Take cars, for example. Iranians are sure to snap up Asian cars that were unavailable 36 years ago when the Islamic revolution swept what was then the Middle East's biggest auto market. The country bought over 1 million units prior to the imposition of sanctions, according to Anna-Marie Baisden, London-based head of auto analysis at BMI Research.
"It's a fantastic opportunity for Asian automakers," she said of the imminent end to the trade restrictions. "There's quite an appetite for foreign brands with good quality."
And it's not just the likes of Toyota and Hyundai that will benefit. The Korean International Trade Association reckons Iran's construction market will expand to $154.4 billion in 2016 from $88.7 billion in 2013. South Korea is set to boost sales of steel products, petrochemicals and machinery as the Islamic Republic rebuilds its crumbling infrastructure, according to the association. It also expects exports of auto parts, mobile phones, refrigerators and other home appliances to increase.

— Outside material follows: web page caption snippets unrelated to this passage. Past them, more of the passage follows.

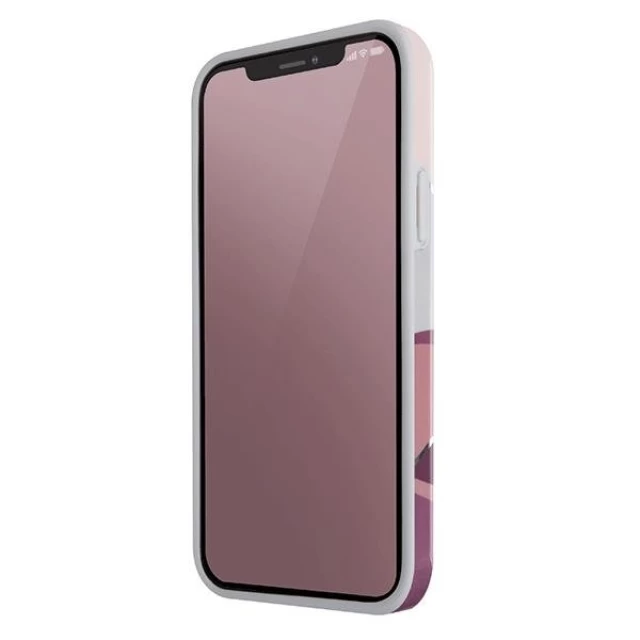 Чехол Uniq Coehl Ciel для iPhone 12 Pro Max Sunset Pink (UNIQ-IP6.7HYB(2020)-CELPNK)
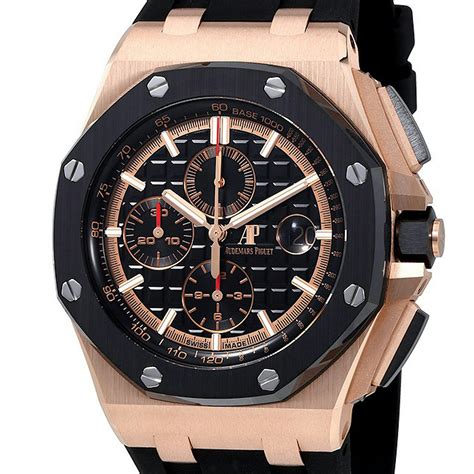 audemars piguet royal oak women's rose gold|Audemars Piguet used royal oak.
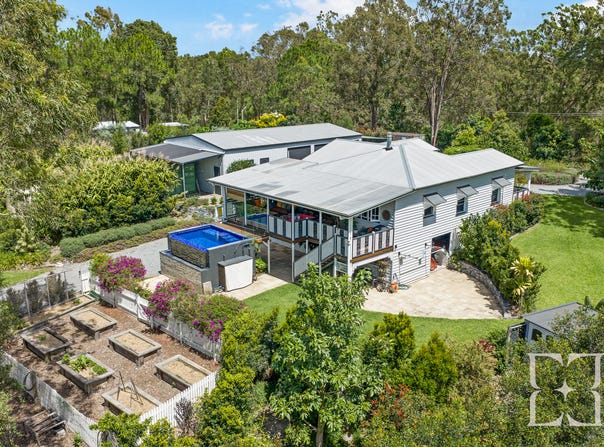 202 Nash Road, Tamaree, Qld 4570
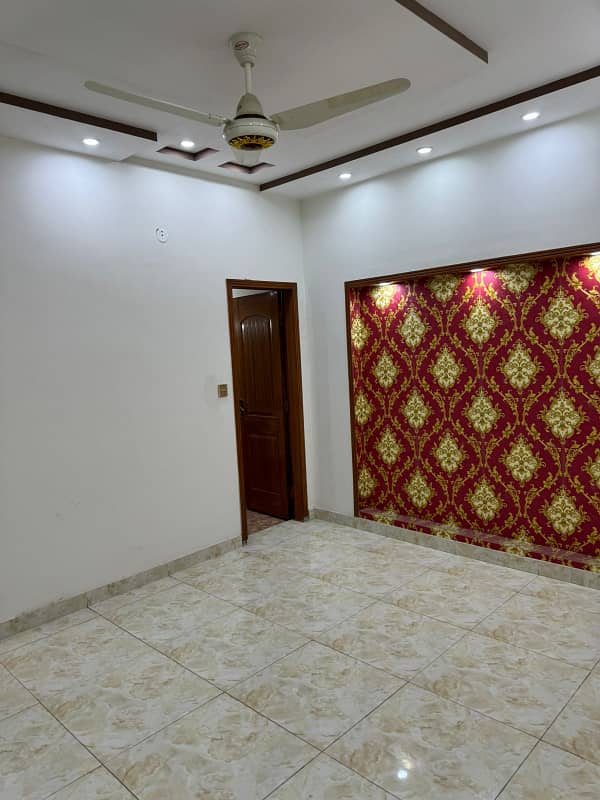 5 Marla A Plus Solid Constructed house For Sale in Bahria Orchard Lahore 0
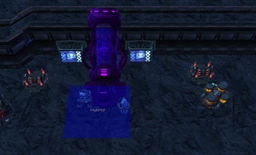 Shadow of Amon (Dark Origin Remake)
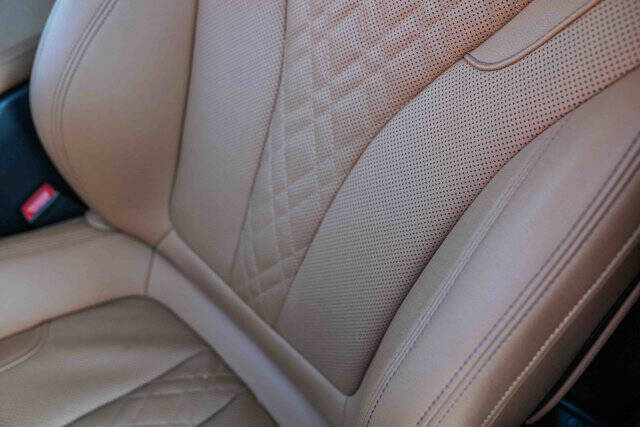 2023 BMW 5 Series 530e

Iran's biggest trading partner last year was China, which stood aloof from sanctions to purchase the country's oil, followed by the United Arab Emirates, whose proximity to the Islamic Republic allowed easy access to Iranians wanting to buy foreign goods. Three of the next four biggest -- India, South Korea and Japan -- are located in Asia.
The oil and gas rich country's growth will accelerate to 5.2 percent per annum in 2016-19 from just 2 percent this year, the Economist Intelligence Unit estimates. Iran, currently the world's 29th biggest economy based on market exchange rates, will jump to 22nd by 2020, eclipsing the likes of Switzerland, Argentina, Taiwan, Sweden and Thailand, according to the EIU.
The attraction of a "a large, diversified and fairly sophisticated economy" as the EIU describes it, is undeniable.
"People will certainly have the money to spend as soon as the sanctions are lifted and the economy starts picking up again," said Baisden.